You’re a little familiar with this language yourself. Happily, you remember you just happen to have that beginner’s guide to the Haskell language. Yes, that was why you came in here in the first place, to read it!

You recall that the arrow symbol `->`

on types usually indicates a function: that is, a type mapping from one **type** to another **type**.

You already know that `Bool`

is the type of coins, which can be either `True`

or `False`

. You also already know that `::`

indicates that the value on its left is of the type to its right, as in `True :: Bool`

to say that the value `True`

has the type `Bool`

.

You consult the book again and realise `(\x -> True)`

must be a value, and `Bool -> Bool`

must be its type. That means it must be a function from `Bool`

values to `Bool`

values! You also realise the left and right arrows `->`

mean a different thing to each other, because they’re on different sides of `::`

.

After a few minutes of rifling through the pages, you discover that `\x -> True`

is an example of a **function literal**, or another term for this is a **lambda**. A lambda, you read, is an inline function definition. The parentheses are only needed here to make sure `:: Bool -> Bool`

is referring to the whole lambda rather than just the `True`

on the right side of it.

So, this coin **is** a function! This is one way to define a function in Haskell (we’ll see many more in later chapters).
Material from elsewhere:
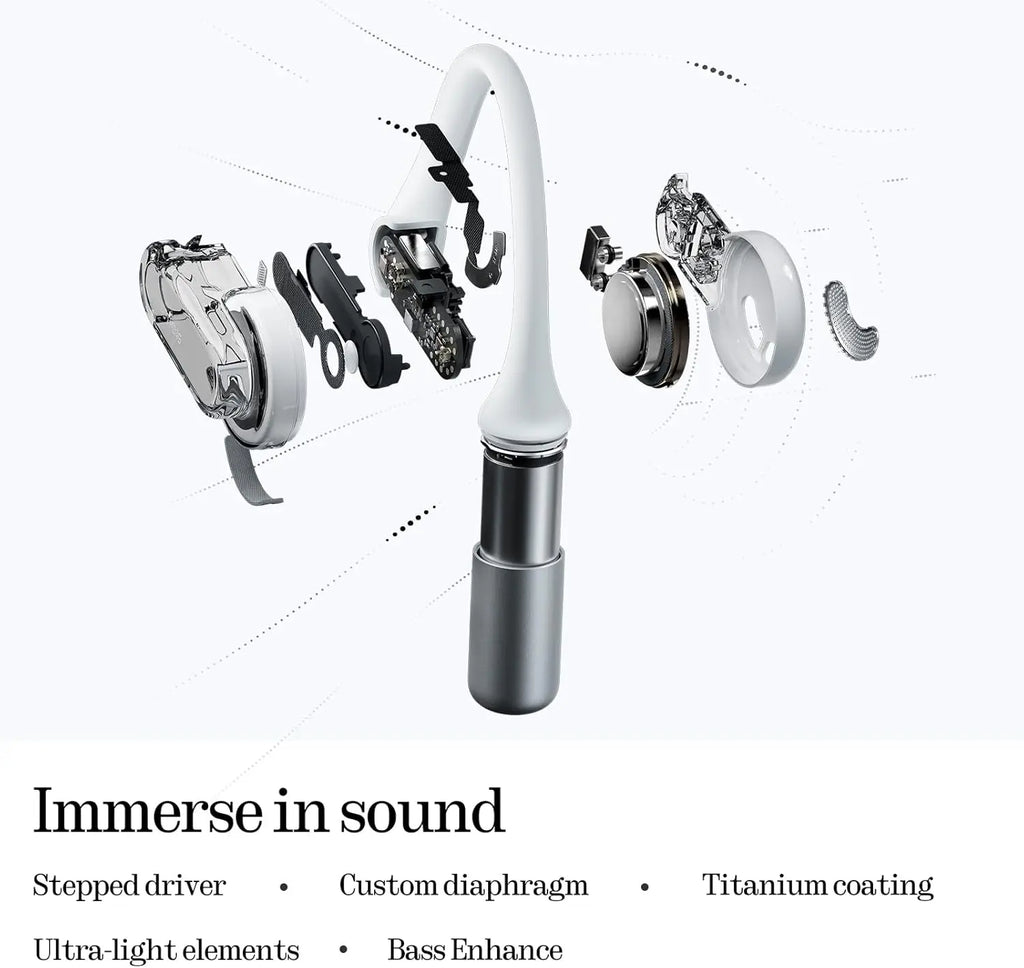 Lightweight Open-Ear Bluetooth Earbuds with Adjustable Hooks, Clear Calls, Fast Charging & 30-Hour Playback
You realise that a function is a way of getting a completely new value from an existing value, sometimes using the existing value, sometimes not. It also says functions are values, too, so that means we can pass them into other functions, or return them from functions.
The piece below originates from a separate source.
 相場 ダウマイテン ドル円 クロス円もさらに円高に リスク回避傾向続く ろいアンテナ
The syntax of a lambda, or the way it’s written, has a backslash (`\`

) followed by a variable name, (in this case `x`

). The variable name is standing in for whatever we apply this function to, when it gets applied. This variable can be used in the area to the right of `->`

.

However, it seems our lambda coin **isn’t** using the `x`

variable name at all on the right hand side of `->`

in the lambda. If it was written as `\x -> x`

then it would just give you back whatever value you put in, but `\x -> True`

will always produce a fresh `True`

value whenever you apply it to any `Bool`

value; it ignores its input argument, the `x`

variable, entirely. Functions are free to do this.

This is great, because it will do what you need. You can take your `False`

coins and make new `True`

ones from them! Those wily robot wizards are so clever, making such magic!

You take one of your coins, and you place it to the right of the magic coin, which will **apply the function to the value**, so the “magic” of function application will bind them together and produce a new value. POP!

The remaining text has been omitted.